Work task:
Pull out the lines from the one containing "Crecimiento Vegetativo del" through the final line of the listing below and repeat them exactly. Leave the pictures behind.

Supplied material:
....
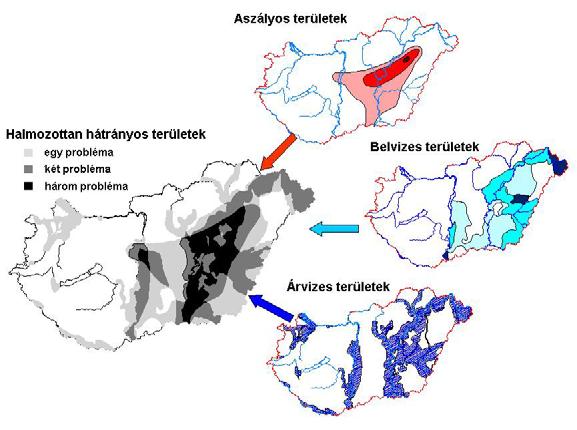 3 1. A VÁLASZTOTT TÉMA INDOKLÁSA Magyarország legnagyobb természeti veszélyforrása a víz (1. ábra).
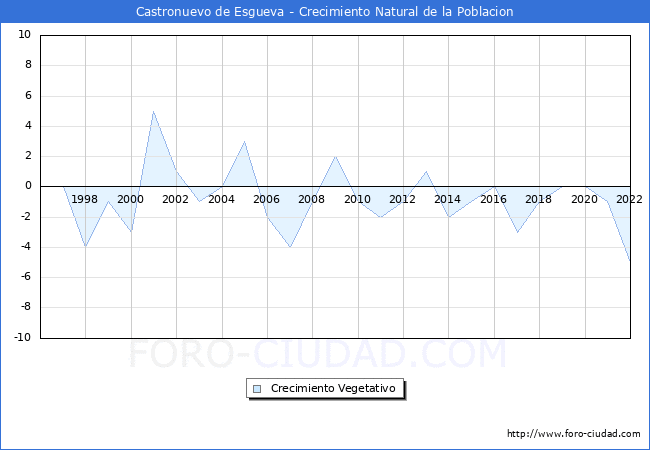 Crecimiento Vegetativo del municipio de Castronuevo de Esgueva desde 1996 hasta el 2022 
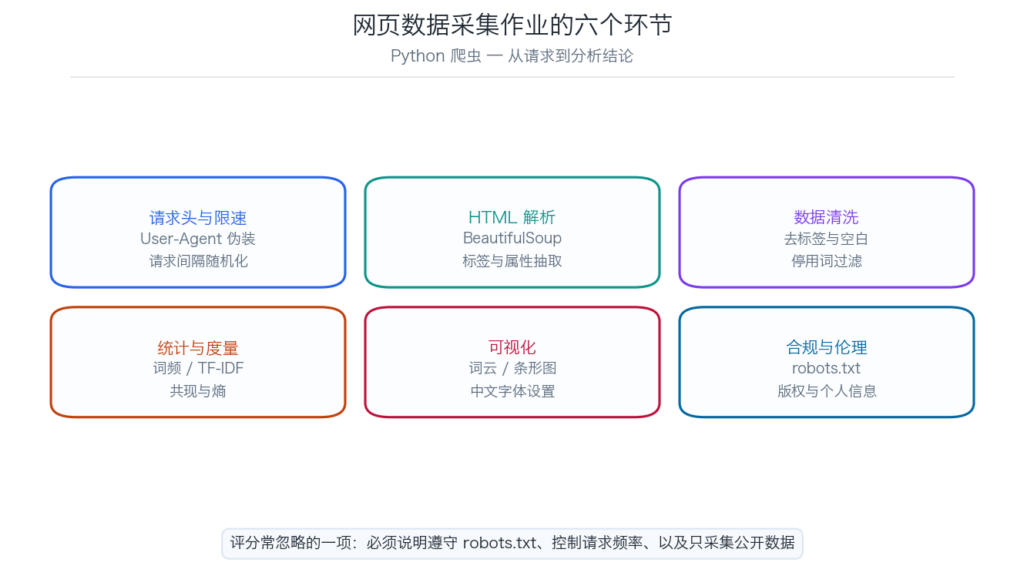 Python 爬虫作业从请求到分析结论的六个环节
....
Problem solution:
 Crecimiento Vegetativo del municipio de Castronuevo de Esgueva desde 1996 hasta el 2022 
 Python 爬虫作业从请求到分析结论的六个环节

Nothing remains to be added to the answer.